◆ Work order ◆
Ignoring every picture, transcribe the data in full as it stands.

START Dataset excerpts

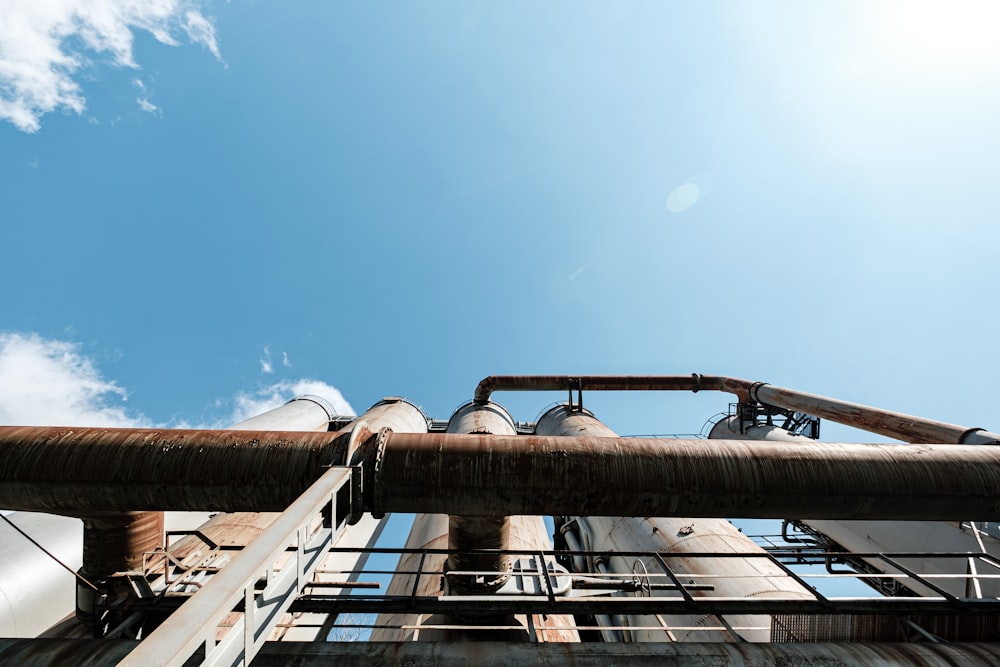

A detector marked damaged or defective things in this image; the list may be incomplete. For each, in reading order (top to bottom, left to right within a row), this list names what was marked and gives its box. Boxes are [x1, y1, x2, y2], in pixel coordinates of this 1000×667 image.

rusty pipe [472, 374, 996, 446]
corroded pipe surface [0, 426, 350, 516]
rusty metal surface [0, 426, 352, 516]
rusty pipe [368, 434, 1000, 520]
corroded pipe surface [374, 434, 1000, 520]
rusty metal surface [374, 434, 1000, 520]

END Dataset excerpts

◆ Task result ◆
A detector marked damaged or defective things in this image; the list may be incomplete. For each, in reading order (top to bottom, left to right within a row), this list names what was marked and gives its box. Boxes are [x1, y1, x2, y2], in pixel coordinates of this 1000×667 image.

rusty pipe [472, 374, 996, 446]
corroded pipe surface [0, 426, 350, 516]
rusty metal surface [0, 426, 352, 516]
rusty pipe [368, 434, 1000, 520]
corroded pipe surface [374, 434, 1000, 520]
rusty metal surface [374, 434, 1000, 520]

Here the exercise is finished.